My favorite map addition, however, is Murrey’s Touring Restaurant. It’s kind of like a food truck you can summon in rest areas, only with a portable table and chairs instead of a truck. If you have the right ingredients and recipes, a delightful bunny-faced Pooka named Murrey will whip up tasty healing and experience-giving dishes for you. Murrey’s colorful blue-checked tablecloth and cheerful smile is always a welcome sight, especially when travelling to darker places like the gloomy Netherworld and ominous lava pits of Volkenon. He won’t even ask for coin, unlike other merchants that hang around towns and rest areas. Not that I minded handing over my cash, especially since it was so much fun to search maps for rare coins that I could spend at Pooka restaurants in between fighting monsters. (The food in Leifthrasir is so rich in detail it could be on the cover of Food and Wine.)

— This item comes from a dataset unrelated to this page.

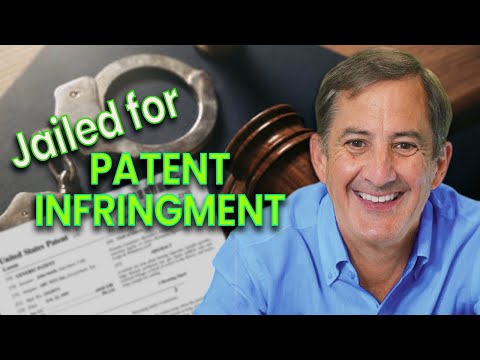 Jailed for Patent Infringement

I’ve always loved how events unfold Rashomon style
The 40-hour story of five heroes helping and hindering each other as they attempt to stop the end of the world hasn’t changed for the remake, and I’m glad. I’ve always loved how events unfold Rashomon style, as characters straight out of Norse legend defend their homelands and loved ones against evil factions that sometimes turn out not be be so evil when you see things from their point of view. Every character has something to love about them: there’s the stoic valkyrie Gwendolyn, the brooding shadow knight Oswald, the courageous Pooka prince Cornelius, the determined princess Velvet, and the feisty fairy Mercedes. Each of their story arcs are incredible, and I love how their seemingly separate fates intertwine into a larger arc. It’s a well-written story, accompanied by beautiful musical tracks like Titania’s acoustic guitar theme and Ringford Forest’s upbeat percussions. There’s also some solid English voice performances by actors like Karen Strassman (Gwendolyn) and Paula Tiso (Queen Odette), though Vanillaware also smartly added the option to switch to the Japanese voices for those that prefer hearing the characters in the original language.